Speaking at the 2014 Dialogue on Protection Challenges organised by the UN High Commissioner for Refugees*, Zeid said that many countries appeared to view migrants – particularly those in an irregular administrative situation – as somehow undeserving of human rights.
“Today it seems that only a tragedy involving hundreds of deaths calls for compassion. One or two bodies washing up on a rock: this barely makes the news. Migrants are depicted as invasive, by a belligerent vocabulary – people “flooding”, "swamping", "jumping the queue," "threatening our way of life",” he said.
Zeid added that policies that seek to stamp out migration do not decrease the numbers of would-be migrants. Rather, they exacerbate the dangers they endure, create zones of lawlessness and impunity at borders, and corrode the values of freedom, equality and human dignity that States are bound to uphold.
“The near-closure of legal migration channels and ever higher barriers to entry drove them to seek highly dangerous sea routes, which also made them more vulnerable to abuse along the way,” he added.
“When migrants are left to drift for weeks without access to food and water; when ships deliberately refuse to rescue migrants in distress; when children in search of family reunification are detained indefinitely, denied education and care, or returned to perilous situations – these are grave human rights violations.”
Zeid stressed that States have a right to determine who enters their territory. But this is limited by the requirements of international law. People in distress at sea must be rescued and States must refrain from using harsh interception and deterrence measures to prevent people from reaching their territory. On arrival, every person has the right to individual determination of her or his situation, and specific attention must be paid to those who are at particular risk, such as children, pregnant women, victims of torture, survivors of sexual or gender-based violence, persons with disabilities, and older persons.
“Regardless of status, no-one should be subjected to prolonged or arbitrary detention, discriminatory decision-making, unlawful profiling, or disproportionate interference with the right to privacy,” the High Commissioner stressed. “The absolute prohibition on refoulement must be upheld.”
Zeid called on States to set up structured regional response mechanisms that cover both push factors in countries of origin and pull factors in destination countries – such as the demographic and economic gaps that migrants clearly help to fill. Above all, far more emphasis needs to be given to protecting rights and saving lives.
“The siege mentality fanned by an increasing number of populist leaders is disgraceful and dishonest, and must end. Indeed perhaps we can even say there is a mean-spiritedness that marks the general attitude in some countries,” he said. “When migrants are welcomed and fully integrated into society, they can be a tremendous asset.”

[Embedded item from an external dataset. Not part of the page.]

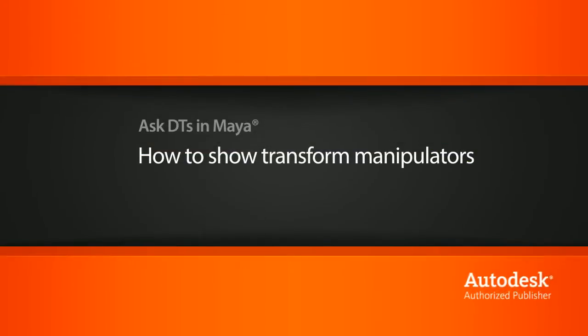Hi, my name is Dan and I'm one of the DT Evangelists here at Digital Tutors. In this video, we're going to look at a question from one of our users, Before World, on how to show our transform manipulators when they might have disappeared.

The UN Human Rights Office last month issued the OHCHR Recommended Principles and Guidelines on Human Rights at International Borders, which give practical guidance to assist States to integrate human rights in rescue and interception, as well as in border screening processes.
“Ultimately, unless they can access safe and regular migration channels, desperate people may continue to brave the perils of the sea in search of protection, opportunity and hope. In their place, we would probably do the same. And perhaps only this recognition of our common humanity can guide us to make the right choices in response,” Zeid said.